England stumbled to 55 for five at the Ageas Bowl but were bailed out by Livingstone, who shared a restorative 48-run stand with Moeen Ali before putting on a decisive 112 in 77 balls with Sam Curran.
The Cumbrian might have fallen just short of a maiden ODI ton but, having registered his first fifty of the summer at domestic or international level in Friday’s series opener at Cardiff after a winter in which he battled ankle and knee injuries, the 30-year-old is finding some fluency ahead of next month’s World Cup.
💬 "I want to be able to push this white-ball team to victories and thankfully, today was one of those days."
— England Cricket (@englandcricket) September 10, 2023
His innings, remarkably the first time he has batted for 50 deliveries or more at international level, ushered England to 226 for seven, enough for a 79-run victory after New Zealand were skittled for 147.
“It’s weird, I’ve won (T20) World Cup (last November) but probably had the worst year of my career for form and had two bad injuries,” Livingstone said.
“This is something I’ve been crying out for. Unfortunately, there’s a reason why there’s not many lower-order hitters that have mastered the art of the game – it’s a pretty difficult role to do.

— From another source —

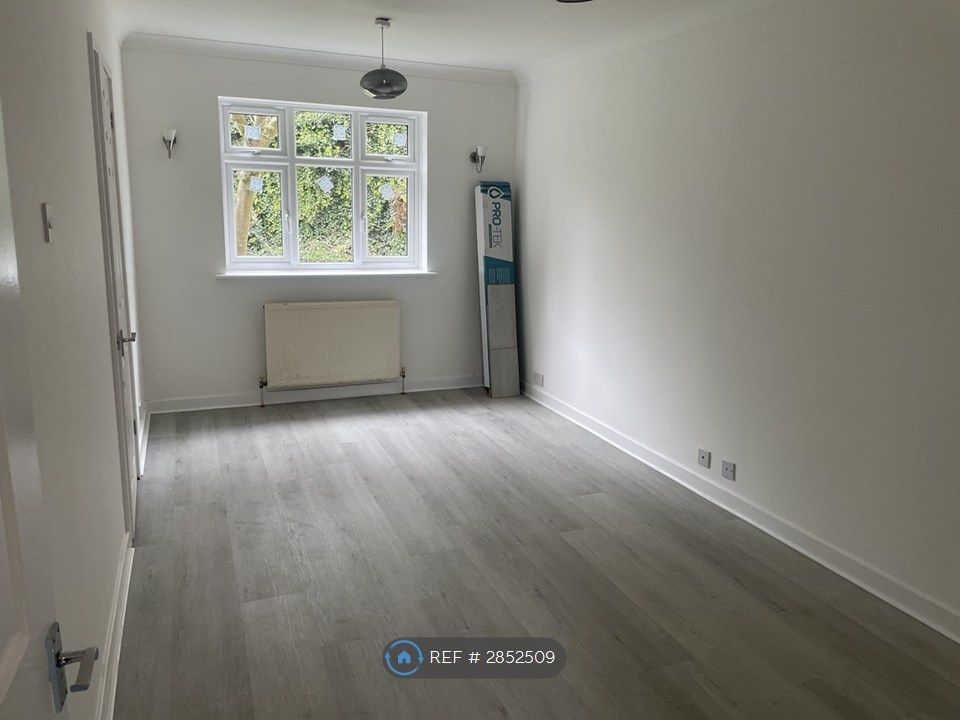 Property photo 1 of 12 Living Room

“If you get on a roll, it’s pretty nice. But you get yourself in a bit of a rut, it’s quite hard to get out of. It’s probably the first time in my career where I’ve had two months of struggling.
“I’ve put in a lot of work behind the scenes to try and go back to knowing what I can do and that’s win games for England. Thankfully I’ve done that.”

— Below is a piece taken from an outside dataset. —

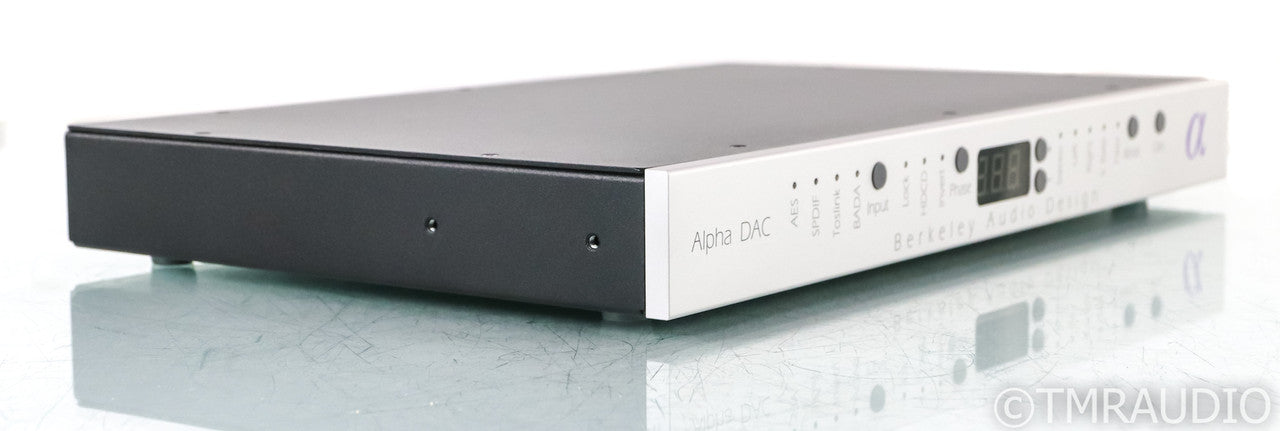 Berkeley Audio Design Alpha DAC Series 2; D/A Converter; Remote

After being blown away in Cardiff on Friday, this was an impressive response from England, especially after losing Jonny Bairstow, Joe Root and Ben Stokes within the space of eight Trent Boult deliveries.
In his 100th ODI, the left-arm seamer exploited bowler-friendly conditions after rain had delayed the start time and led to the contest being reduced to 34 overs per side at Southampton and England needed every ounce of their batting depth to dig them out of the perilous position of eight for three.

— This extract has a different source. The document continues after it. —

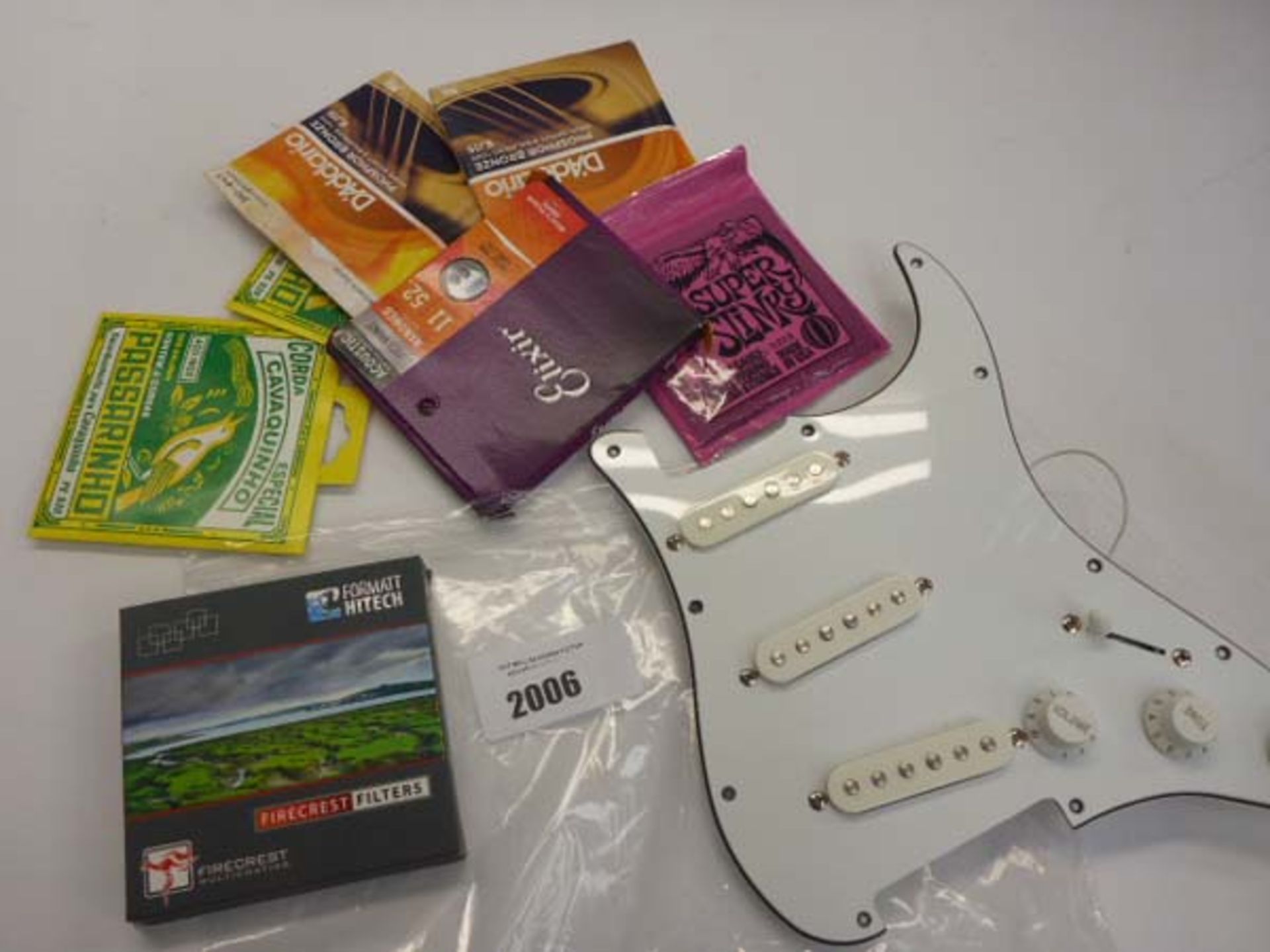 Quantity of guitar strings and pickup selector switch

Livingstone strode out at number seven after just 12.1 overs and was strong all around the ground, while he took a particular liking to Tim Southee, with six of his 10 boundaries – nine fours and a six – coming off the New Zealand Test captain.
Livingstone recognised he owed a debt of gratitude to Curran, who was a useful foil as he contributed 42 off 35 deliveries before lapping to short third in the final over.
“I don’t think consolidation is a word we use in the dressing room,” Livingstone said. “We’ve just got to see what we think is best in that situation. If in doubt, take the aggressive option.
“We knew it wasn’t going to be the easiest pitch but it was just about getting to a score we felt we could defend.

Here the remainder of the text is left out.